To be honest though, I've never seen such an implementation.

What I have seen happen frequently is that you define two "schemas":

  • One with all the entity classes defined in a storage-agnostic way and designed to be easy to handle in your business logic (i.e. with calculated properties, inheritance, and whatever else might help you).
  • And another set of classes designed solely to be serialized to one specific output format. For XML this could mean using [XmlAttribute]s, for storage in a database this could be using [PrimaryKey] attributes, but also having the data of one logical entity spread over multiple entities because a database stores its data more normalized.

Serializing the storage-agnostic entities then comes down to first mapping them to the storage-specific types, and then serializing these types.

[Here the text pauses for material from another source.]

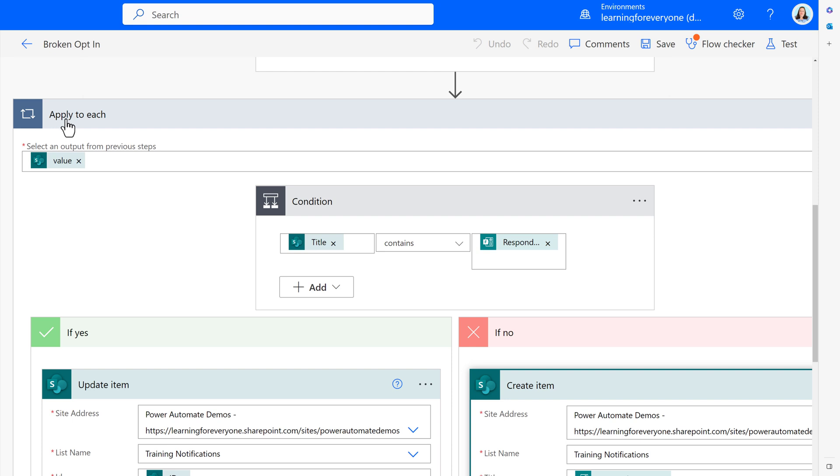Now you know how to properly build and manage an opt-in opt-out list using Power Automate. We also talked about some mistakes that I made along the way and now you know how to avoid them. If you found this video helpful, please consider liking this video. It really helps my channel out. Thank you for watching and I'll see you in the next video. Bye!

The mapping code can be written by hand, or be done by something as AutoMapper.

The key here is that rather than using 1 set of attributes that try to cover all your serialization needs, it is generally more feasible to create a complete new set of entities that are designed specifically to be serialized to one format.


As an aside, If I may give some unsolicited advice: I have yet to see an application that needed the serialization format to be pluggable. I mean, I understand the need for separation of concerns, and that "the rest of the application shouldn't be bothered by knowing this-or-that", but at some point you have to make some decisions about such things as in what database your data will be stored, or what kind of webservice API your application will provide.
Deferring these decisions or trying too hard to abstract them away will usually hurt how understandable your code looks and how easy it will be to add new features to it.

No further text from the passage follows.